» **About this task**
I would like you to output every record below exactly, apart from the pictures.

▼

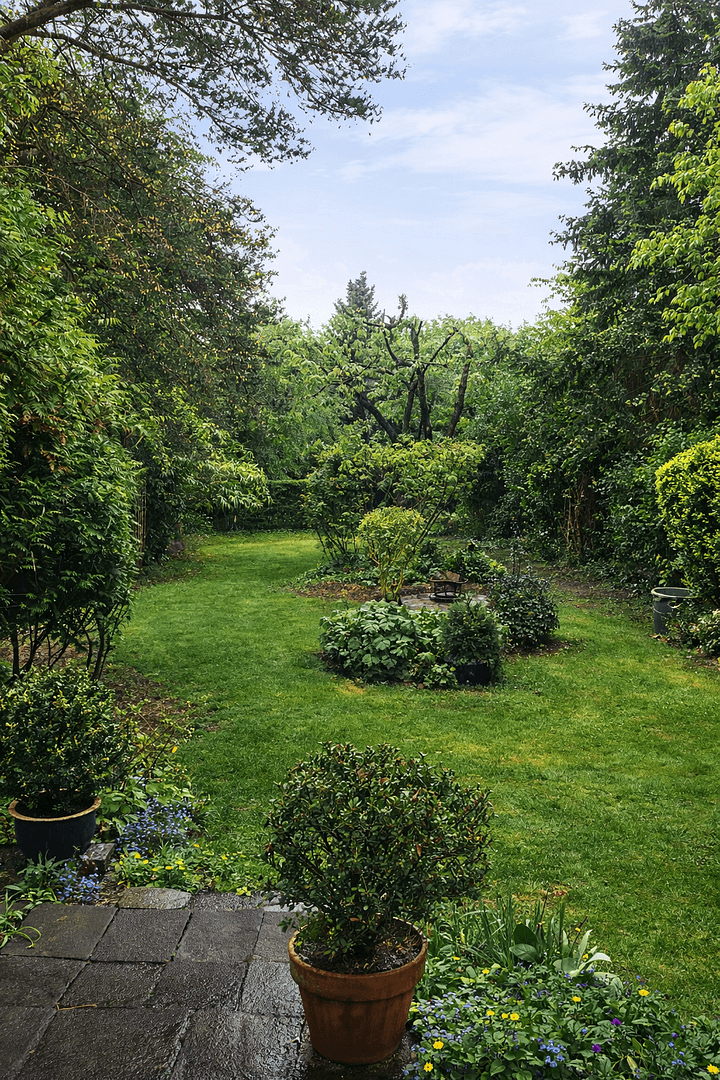 Predaj domu 160 m², pozemek 690 m², Lärchenstr.21A, Frankfurt am Main, Hesensko Predaj domu 160 m², pozemek 690 m², Lärchenstr.21A, Frankfurt am Main, Hesensko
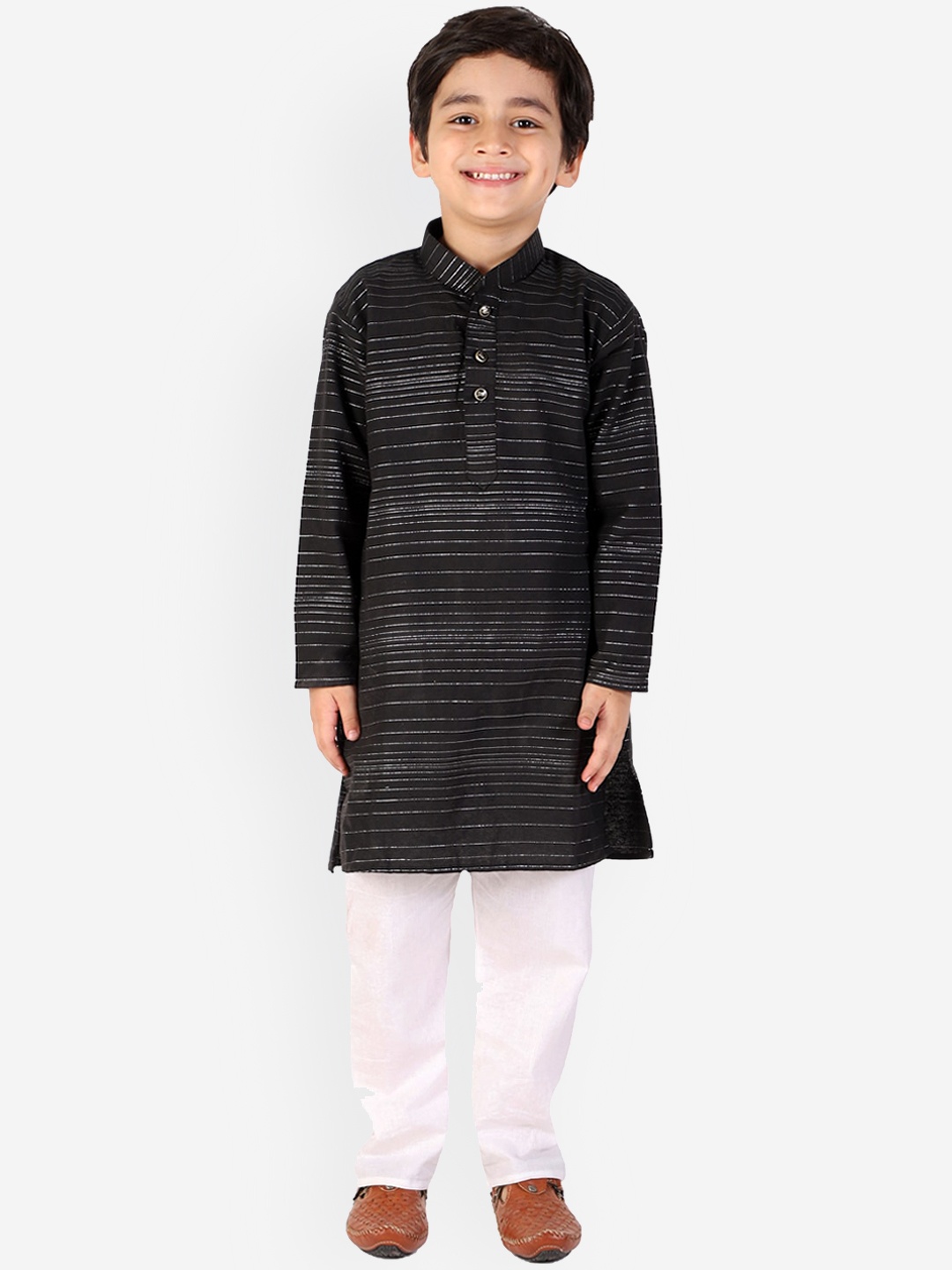 

Pro-Ethic STYLE DEVELOPER Boys Black Pure Cotton Kurta with Pyjamas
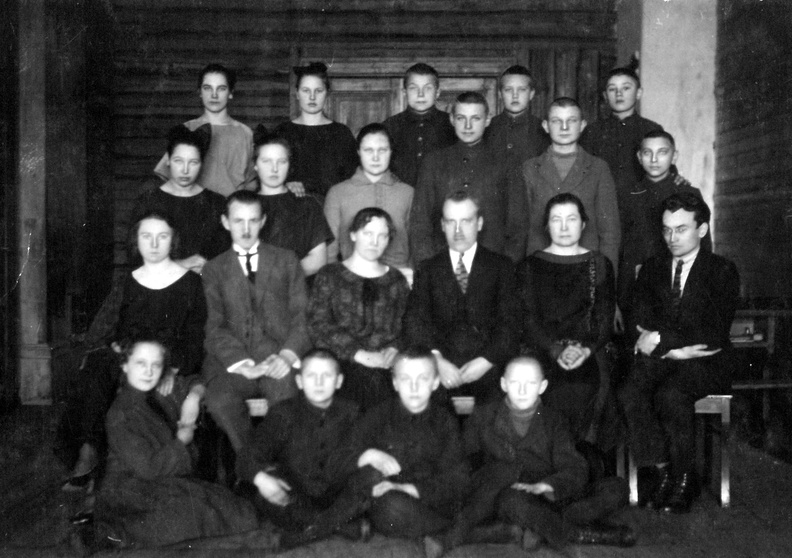 Kildu 6-kl. algkooli 6. kl. õpilased ja õpetajad 1924/25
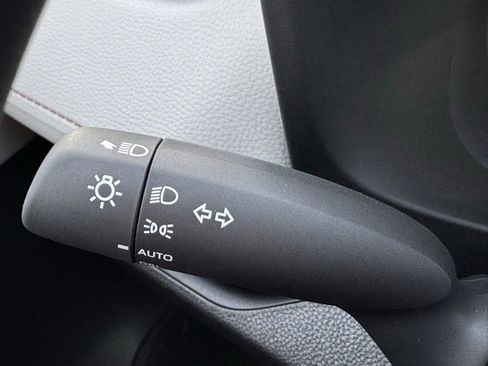 Used 2025 Toyota RAV4 XLE image 27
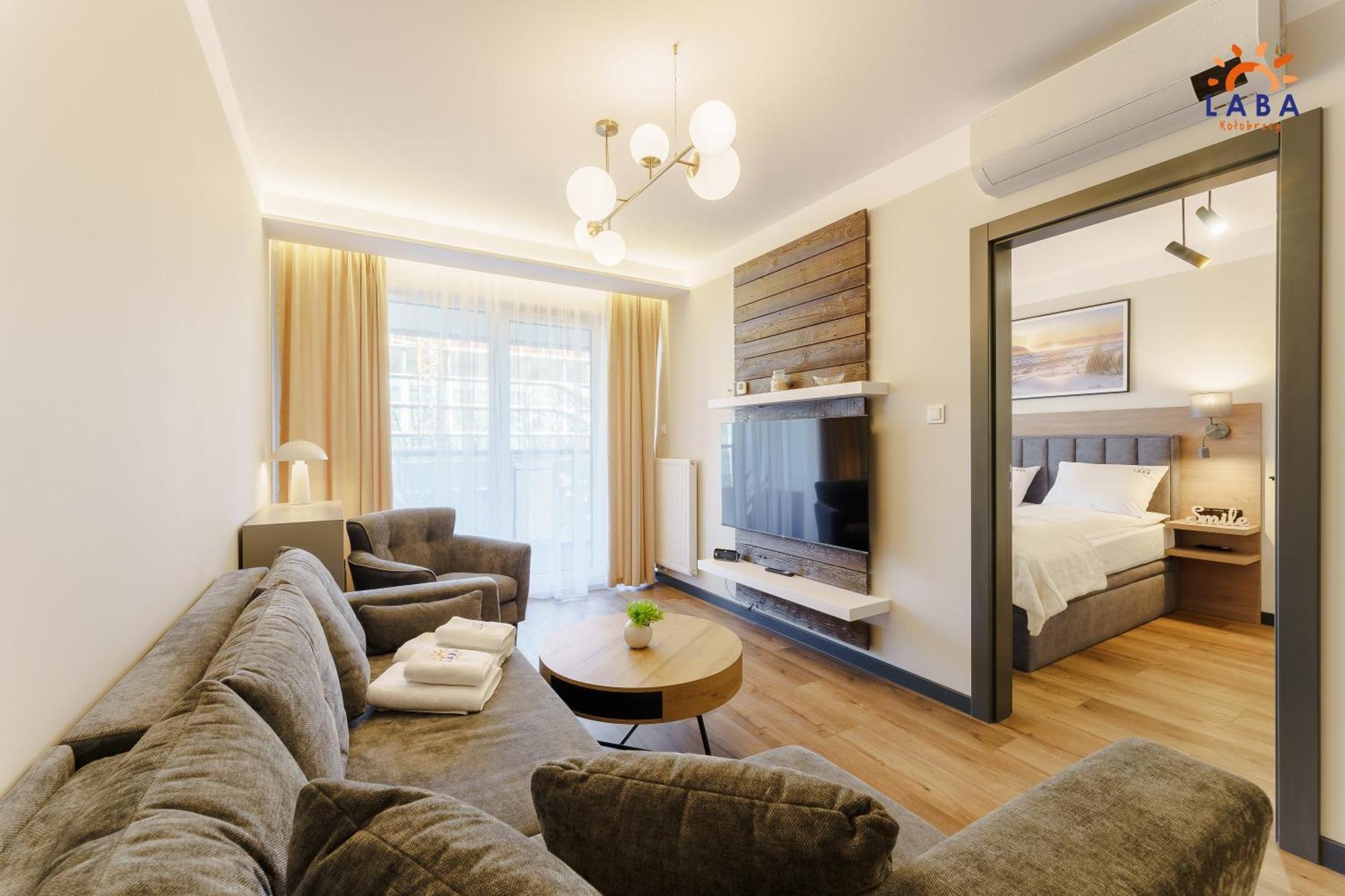 Apartment Laba Kasprowicza 20c Parking Basen Fitness Bawialnia W Cenie, Parkplatz Schwimmbad Fitness Spielzimmer Im Preis Kolobrzeg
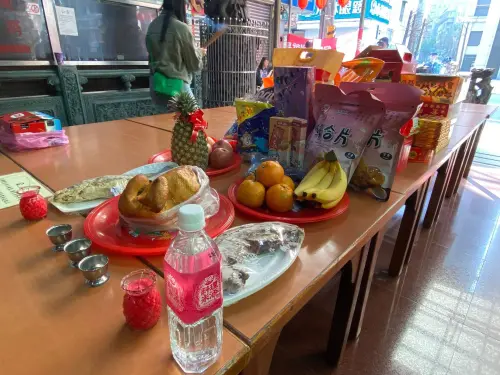 ▲開工拜拜必備三牲、象徵吉祥的水果以及土地公財神爺愛吃的甜食餅乾。（圖／HornJin 宏竟有限公司臉書）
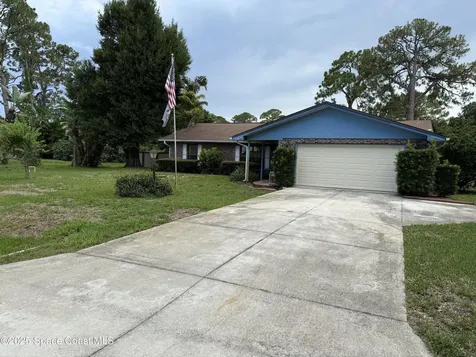 3145 1st Lane Vero Beach FL 32968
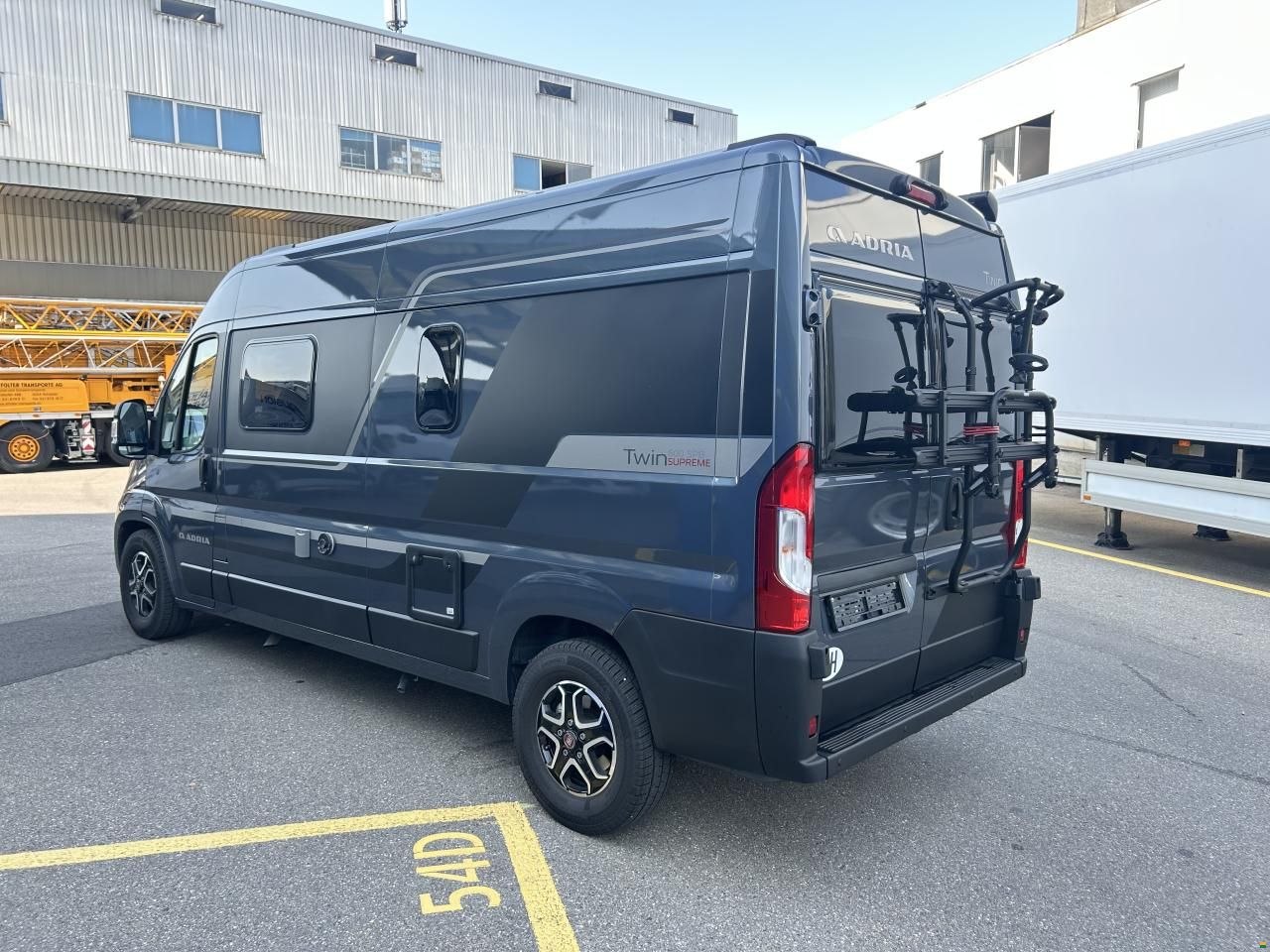 Adria Twin Supreme 600 SPB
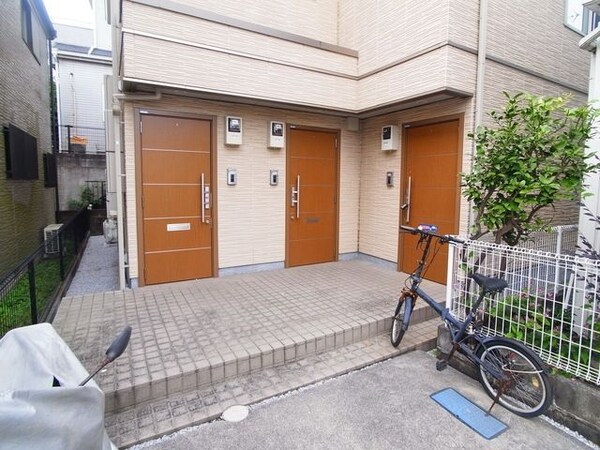 エントランス(★お部屋探しは株式会社タウンハウジング東京まで★)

▲

» **Exercise output**
 Predaj domu 160 m², pozemek 690 m², Lärchenstr.21A, Frankfurt am Main, Hesensko Predaj domu 160 m², pozemek 690 m², Lärchenstr.21A, Frankfurt am Main, Hesensko

Pro-Ethic STYLE DEVELOPER Boys Black Pure Cotton Kurta with Pyjamas
 Kildu 6-kl. algkooli 6. kl. õpilased ja õpetajad 1924/25
 Used 2025 Toyota RAV4 XLE image 27
 Apartment Laba Kasprowicza 20c Parking Basen Fitness Bawialnia W Cenie, Parkplatz Schwimmbad Fitness Spielzimmer Im Preis Kolobrzeg
 ▲開工拜拜必備三牲、象徵吉祥的水果以及土地公財神爺愛吃的甜食餅乾。（圖／HornJin 宏竟有限公司臉書）
 3145 1st Lane Vero Beach FL 32968
 Adria Twin Supreme 600 SPB
 エントランス(★お部屋探しは株式会社タウンハウジング東京まで★)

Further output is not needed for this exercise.